If you've ever installed a package from command line on Linux, you must have noticed two main prompts related to package configuration: one asking what to do with installed configuration files with local changes, and one providing feedback right after the installation/upgrade/removal/purge has completed.
Under Debian the latter was most probably the postinst script, one of the Package Maintainer Scripts which is executed after installation and configuration.
These diagrams are very useful to understand what happens to the Maintainer Scripts in different circumstances: first installation, upgrade, removal, purge.
Their name is probably self-explanatory: preinst, postinst, prerm, postrm. Each of them takes zero or more arguments depending on the scenario. It can help to understand that those are really just scripts executed by dpkg - and typically they are shell scripts, sometimes with interactive prompts.
If you're building your own packages, you surely already have one of more of those scripts in the source debian/ directory. They are automatically included in the .deb by dpkg-buildpackage (or any of its wrappers) during the build.

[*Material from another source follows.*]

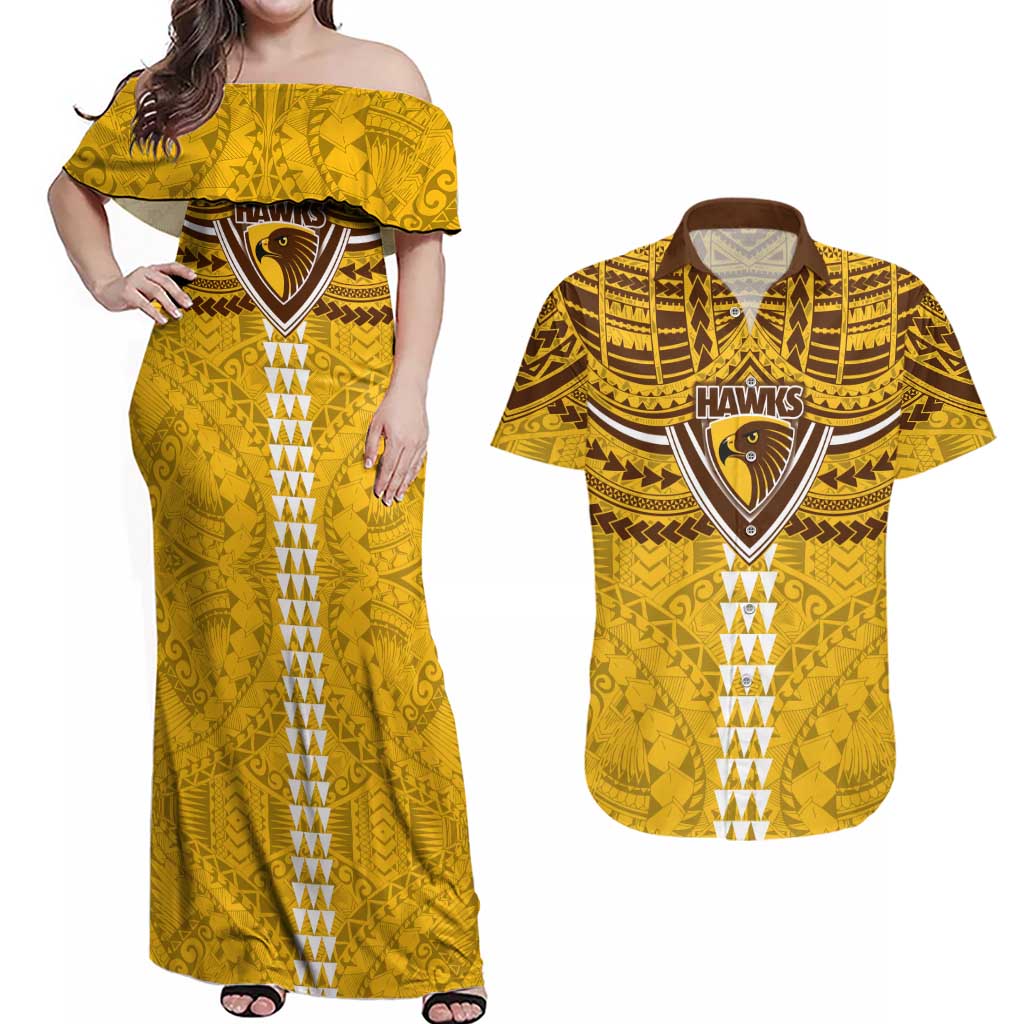Personalized Hawthorn Hawks Couples Matching Off Shoulder Maxi Dress and Hawaiian Shirt Polynesian Tribal Pattern Heritage Football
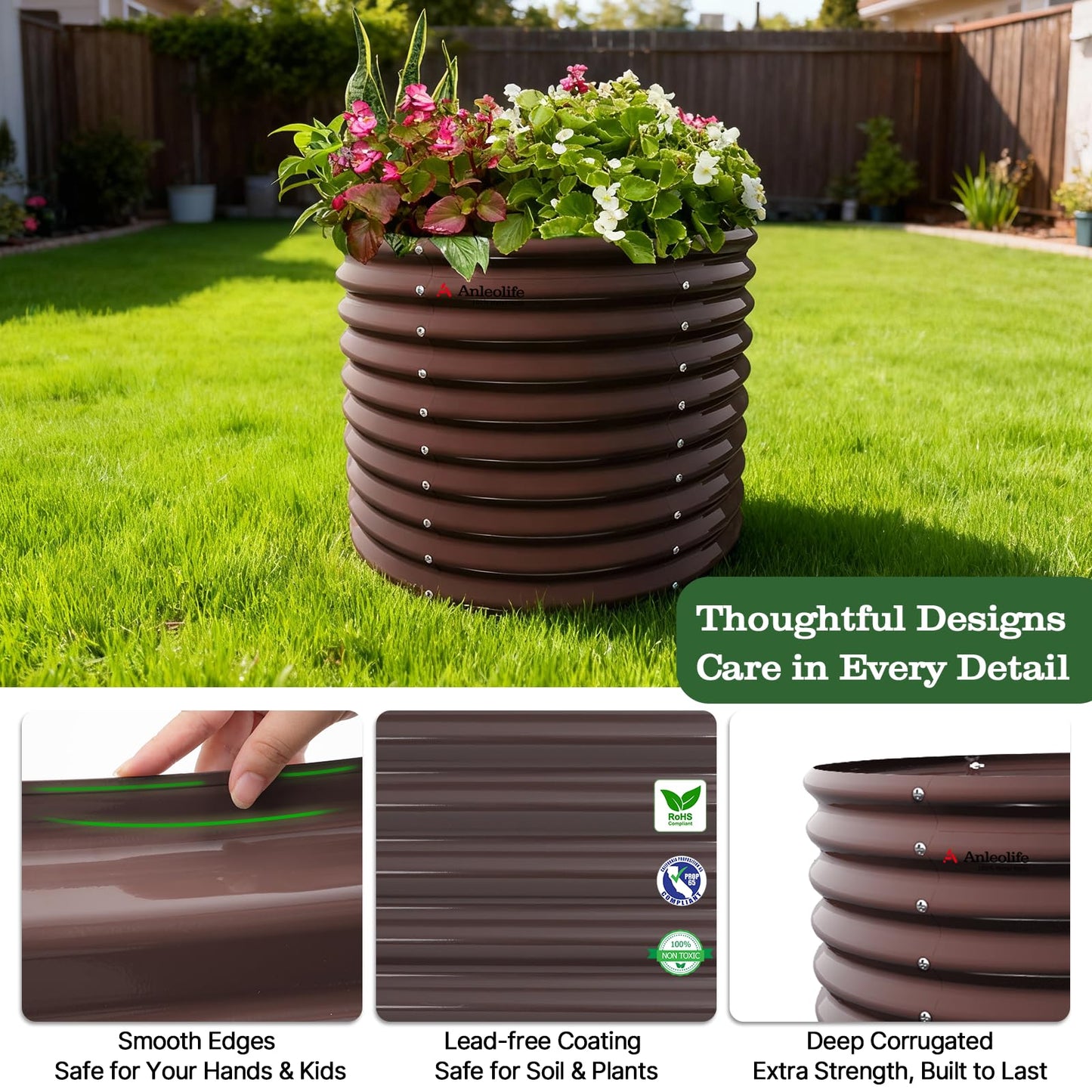 A ANLEOLIFE 30" Extra Tall Galvanized Raised Garden Beds Outdoor, 3x2.5ft Round Metal Planter Boxes for Planting Vegetables, Flowers, Fruits, Eco-Safe & Easy Setup, CaféBronze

What you may find interesting - and this is the purpose of this article - is that if you're building multiple .deb packages from the same debian/ directory (i.e. using the same debian/control makefile), having for example a single postinst script is not sufficient. Only the first built .deb will contain it, while the others won't.
The symptom in this example is that when installing the packages other than the first built, you won't see any of the prompts, feedback or actions you are delegating to postinst.
To fix this, it's sufficient to include for example a postinst script per package:
debian/control
debian/rules
[...]
debian/package_1.postinst
debian/package_2.postinst
debian/package_3.postinst
In case you're wondering, yes, you can have a single postinst script and just create a symbolic link to it for each package.